L'art de décaler les sons C'est lui qui, depuis 1984, apporte chaque mercredi l'Album de la Comtesse au Canard Enchaîné. Disciple de Luc Etienne, auquel il succéda dans cette mission ?

Lui parlerais-je de vendanges ?
Ah, pour rien au monde je t'enduirais les serpettes de rouge, répondrait-il, du tac au tac.
Ou des vachers du Cézallier,
– Ah, ceux-là, je te leur dirais taisez-vous ! Laissez vos bêtes se reposer !

En plus de son métier de chercheur en physique atomique au CEA de Saclay, il écrit chaque semaine le journal du Centre.
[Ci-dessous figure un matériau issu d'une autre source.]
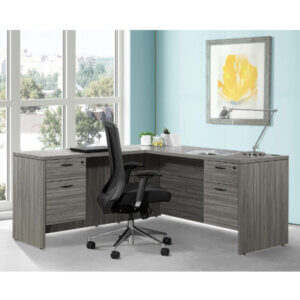Napa L-shape Desk 66" x 66" Overall dimensions: 66"w x 66"d x 29"h Urban walnut two locking box, file pedestal Full modesty panel Generous leg room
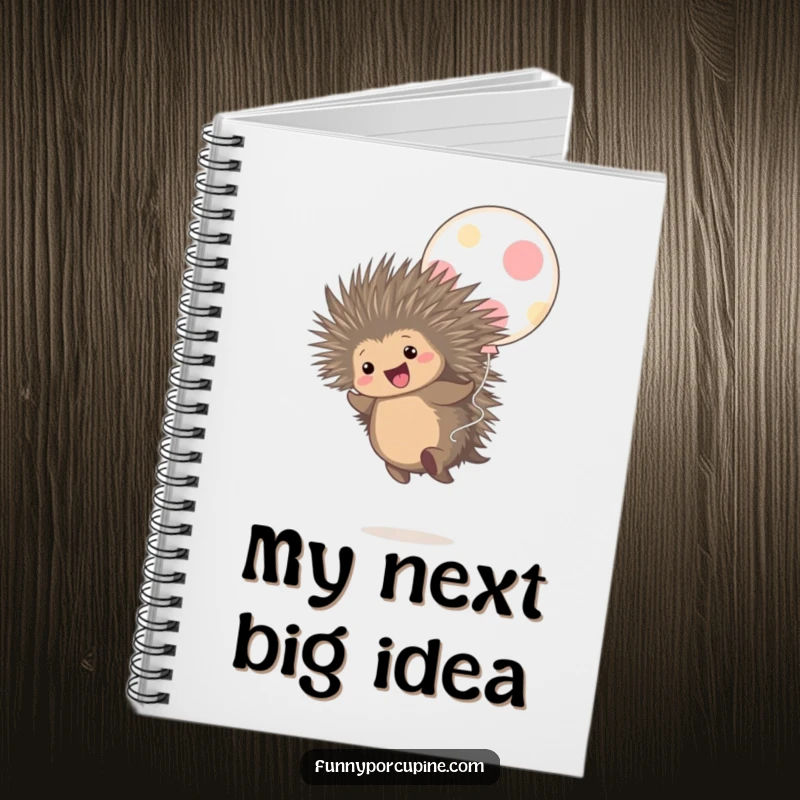 Funny notebook cover with a cute porcupine gleefully bouncing on a large polka-dot balloon, conveying pure happiness.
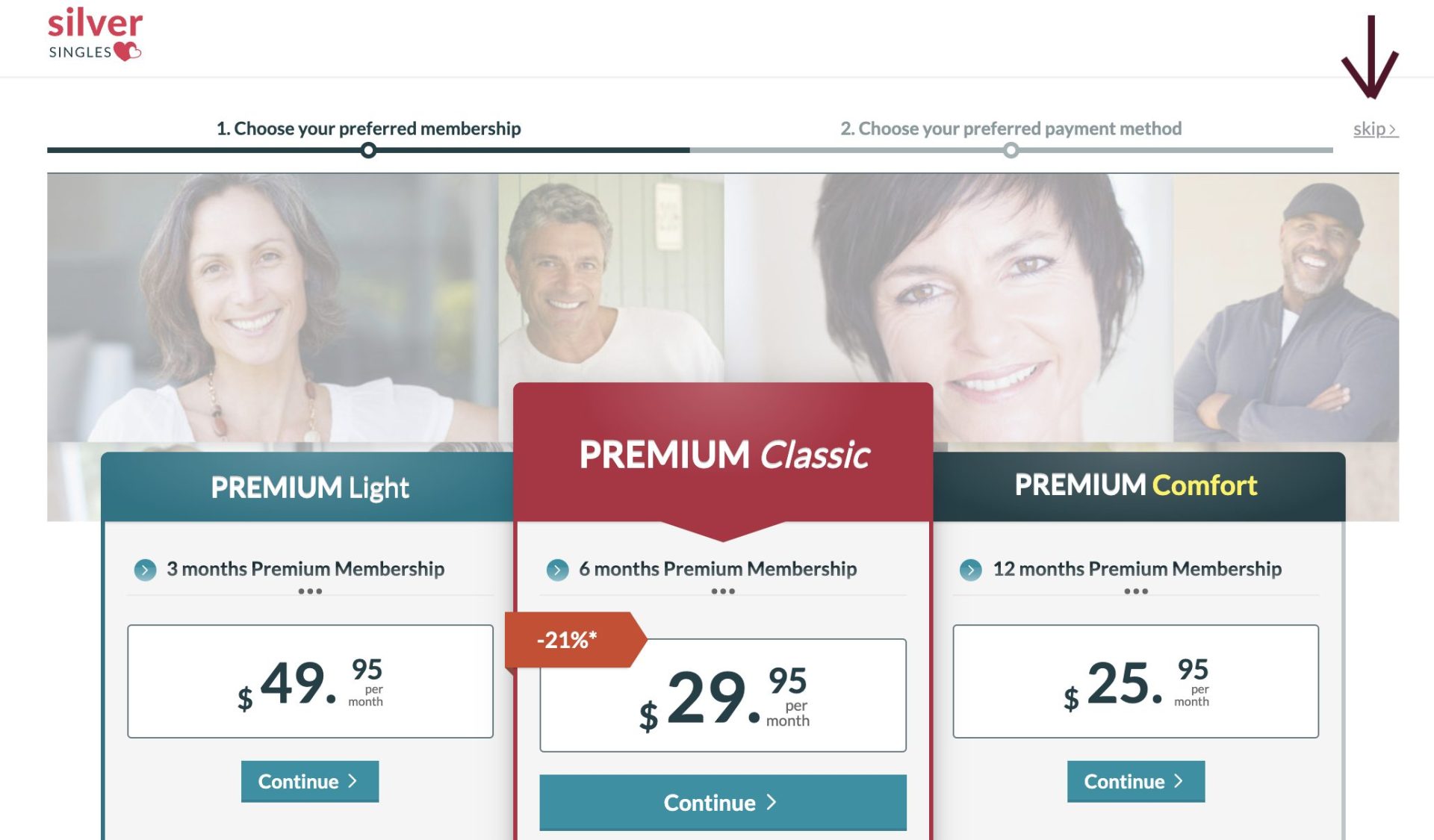  SilverSingles subscription page with three membership options at different monthly costs and a hidden free membership option.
Et c'est aussi un montagnard et un très bon skieur.
Sa famille possédant un des plus vieux chalets de Peisey-Nancroix, en Tarentaise, Joël et moi nous retrouvions souvent sur les pistes de ski, puis nous nous arrêtions à son chalet pour les incontournables parties de scrabble. Il était imbattable. Et le soir, son chalet étant voisin du nôtre, le dominant d'une petite trentaine de mètres, il nous criait :

Taisez-vous tous en bas !

C'était aussi un bon alpiniste. Nous faisions souvent cordée à deux, surtout dans le Massif de la Vanoise :
La traversée du Bellecôte, cette longue course, se fit sans commentaire de sa part, mais l'Aiguille de la Vanoise fut une escalade assez difficile :
Quelle lutte, peste ! s'écriait-il.

Que n'ai-je pensé à écrire, dans mon récent Coffiots, la fin de casses... ?, au chapitre 20, que le directeur de cabinet avait le plus gros malus du Finistère !

Que nous dit Joël : "Sachons détecter et faire bon usage de tels mots contrepétogènes : acculer, balcon, berge, biaiser, biner, butte, caisse, concierge, consensus, délation, fine, fouille, génisse, mine, nouilles, phlébite, poncho, poutre, roussette, scorpion, site, tennis, vergeture, et bien d'autres."

Joël en a si bien fait usage de ces mots - et de tant d'autres ! - qu'il est maintenant accroché comme il faut - et comme nous, auteurs "alexandrins", nous aimerions l'être - par un grand éditeur. Pour lui, c'est essentiellement Albin Michel, comme en témoigne cette liste impressionnante de publications par cette maison :
Les contrepétines (album jeunesse) ; L'art des mots, l'eau des marres (album jeunesse) ; Manuel de contrepet ; Des prénoms fous, fous, fous (album jeunesse) ; La vie des mots, l'ami des veaux (album jeunesse) ; La bible du contrepet (Somme, anthologie, classification, théorie).

Et chez d'autres aussi : Le dico de la contrepèterie (ed. Seuil) ; Des contrepèteries (ed. First) ; Le petit livre des contrepèteries (ed. First) ; La bible du contrepet (Robert Laffont).